ジェトロ・ビジネス短信 / 2024年6月12日 11時5分

イランのメヘルダード・バズルパーシュ道路・都市開発相は6月8日、ロシアで開かれたサンクトペテルブルク国際経済フォーラム(SPIEF)にあわせて開催された、BRICSの運輸相による会合に出席した。この中で同相は、南北輸送回廊(注1)では2023年に7億トンの貨物が輸送され、イラン領内を通過する貨物量は前年比60%以上の増加となる約1,700万トンだったとした。同相は、南北輸送回廊がBRICS加盟国間の物流分野の相乗効果を高めるとし、物流サプライチェーンのデジタル化と人材育成、イノベーションの準備ができていると語った〔6月8日付イスラーム共和国通信(IRNA)〕。

会合にはBRICS加盟国の運輸相らが出席し、バズルパーシュ道路・都市開発相は同回廊におけるイランの地理的な利点と潜在的な能力に言及した。カスピ海やペルシャ湾、オマーン海に11の港があり、1万5,000キロの鉄道網と、25万キロ超の道路、26の陸上の国境ターミナルを有し、最小限の時間とコストで陸路経由の地域および国際貿易ネットワークに接続できる可能性があると指摘した。

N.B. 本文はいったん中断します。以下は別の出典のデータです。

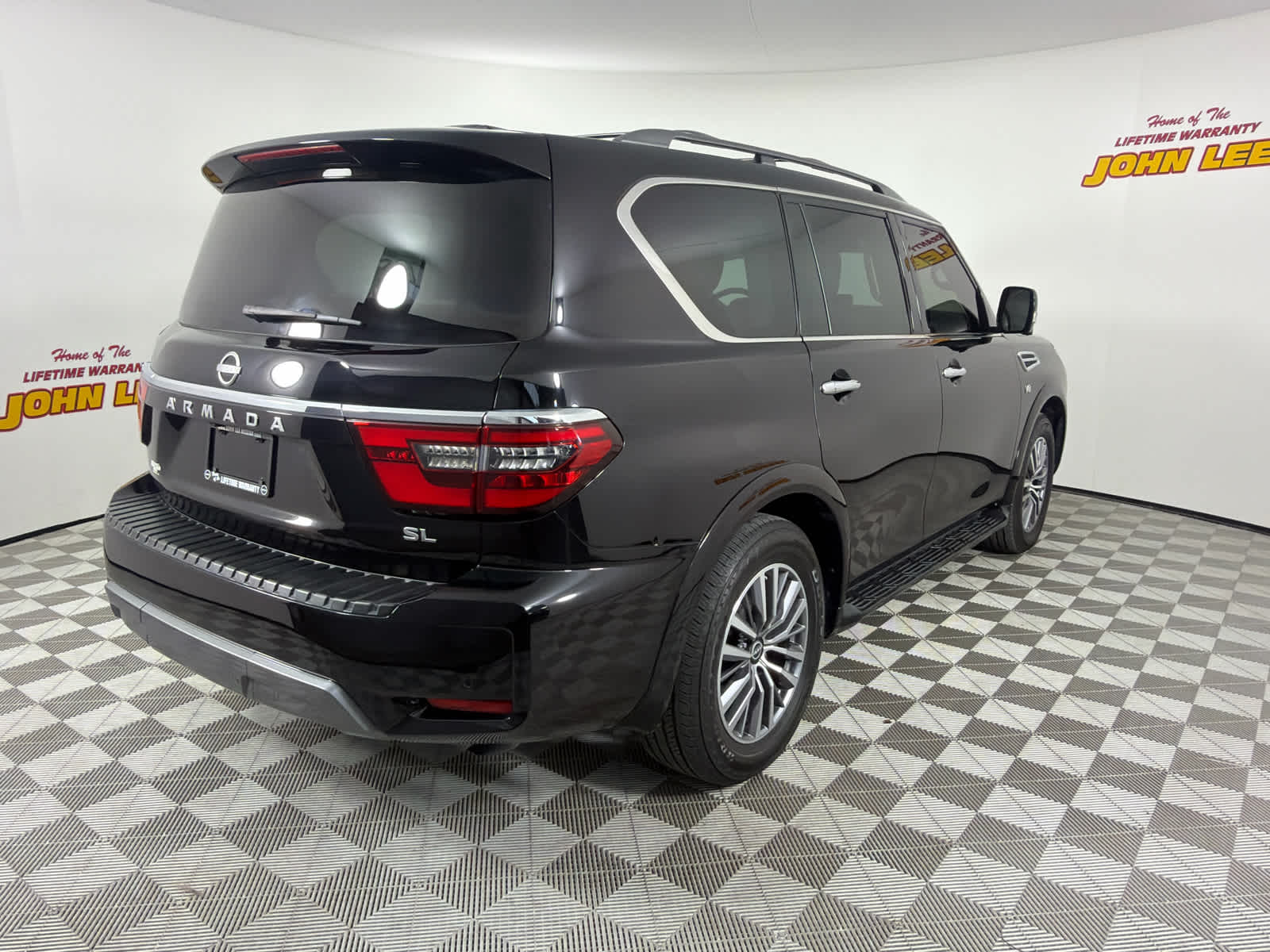 2022 Nissan Armada SL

また、IRNAでは、本会合に関連して、特にロシアとの結びつきを強調した。ロシアのイーゴリ・レビチン大統領補佐官も、南北輸送回廊のイランの鉄道を通じてインドに石炭を輸出する計画を発表し(6月8日付IRNA)、会合終了後には、バズルパーシュ道路・都市開発相がロシアのロマン・スタロボイド運輸相とロシアと物流分野で協力を進めていく方法を話し合った。特にラシュト~アスタラ間の鉄道建設(2023年5月19日記事参照)など、両国間の鉄道協力の拡大について協議が行われた(6月8日付IRNA)。なお、最近では、道路・都市開発省が数日内に全長37キロのラシュト~カスピ海間の鉄道を開通させる予定と発表しており、南北輸送回廊の主要部分を成すとしている(6月1日付「テヘラン・タイムズ」)。

イランは、同じく欧米から制裁を科されているロシアと関係を深めており、直近では、イスファハーンのロシア総領事のアンドレイ・ジルツォフ氏は「現在、両国の貿易額は40億ドル超だが、今後、石油や運輸など多くの分野で2国間協力を拡大する必要性がある」と強調した(5月28日付IRNA)。また、ロシアのアレクセイ・オベルチュク副首相は、イランのユーラシア経済連合(EAEU)(注2)(2023年12月28日記事参照)のオブザーバー加盟を歓迎する、とEAEU政府理事会後に発言している(6月4日付IRNA)。

(注1)南北輸送回廊:イランなどを経由して、インドとロシアを結ぶ複合輸送網。

(注2)ユーラシア経済連合:ユーラシア経済協同体を前身とする経済同盟。加盟国は、アルメニア、カザフスタン、キルギス、ベラルーシ、ロシア。ほかに、オブザーバー国がウズベキスタン、キューバ、モルドバ。